When I fill the jugs, I use 8 drops of prime
per gallon and store the jugs in the computer room.
I have 28 total. I run hot water into the bathtub and put in the amount of jugs required and match the temp.
Then I gravel vac the tanks.
My largest tank is 46 gallons with 6 DD black super veil tail angels and they are happy. I keep they water quality up.
I know some folks don't like to lug the water around.
I've always been skeptical about using
water from the tap after treating the tank with dechlorinator. The temp is hard to match that way and I wouldn't feel safe that the chlorinator worked on all the water.
BTW - The exercize is good for me.
Charles


----------



## Zapins (Jul 28, 2004)

cbwmn said:


> I run hot water into the bathtub and put in the amount of jugs required and match the temp.


Might want to not use the bathtub for water changes. Soap/bath chemicals can easily kill fish.
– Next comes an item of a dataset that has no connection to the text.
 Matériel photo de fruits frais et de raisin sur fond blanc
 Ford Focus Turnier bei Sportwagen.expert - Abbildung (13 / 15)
I try match my water to tank water temperatures. Sometimes I lower the temperature a little to simulate the temperature drop after rain. I'm lucky to have well water so I don't need to dechlorinate.


----------



## cbwmn (Dec 18, 2007)

Zapins said:


> Might want to not use the bathtub for water changes. Soap/bath chemicals can easily kill fish.
> 
> I try match my water to tank water temperatures. Sometimes I lower the temperature a little to simulate the temperature drop after rain. I'm lucky to have well water so I don't need to dechlorinate.


Zap
The water is in plastic jugs and the hot water surounds them to warm the water meant for the aquarium.
Charles


----------



## kkaso783 (Sep 25, 2008)

Since the water in my house is "softened" I can only use the cold water so the salt is not present. I do not heat the water before I do the water change, I just fill a 10 gallon bucket with some water from the hose, add some conditioner and pump it directly into my tank using a pond pump and a PVC pipe setup I made. It works really well and my temperature in my tank does not change too drastically. I rely on my heater in my tank to do the work.


----------



## Dan Knowlton (Jan 2, 2009)

I use a trash can (32 gallon) on a furniture dolly that is topped by plywood. To calculate the amount of water to take out I just siphoned it into the trash can the first time I filled the tank and put a black PERMANENT marker tick mark at the level I drain the tank to. 

Now, I fill the trash can with a combination of tap and RO water (30% tap, 70% RO - we have liquid rock here in San Diego) and use a heater to bring it up to the same temp as the tank. When it is the right temp I simply siphon off the correct amount of old water and use a powerhead to pump the water from the trash can to the tank. 

Works great! When I did marine tanks it was the easiest system as I had 6 125 gallon tanks at one point.

Dan K.


----------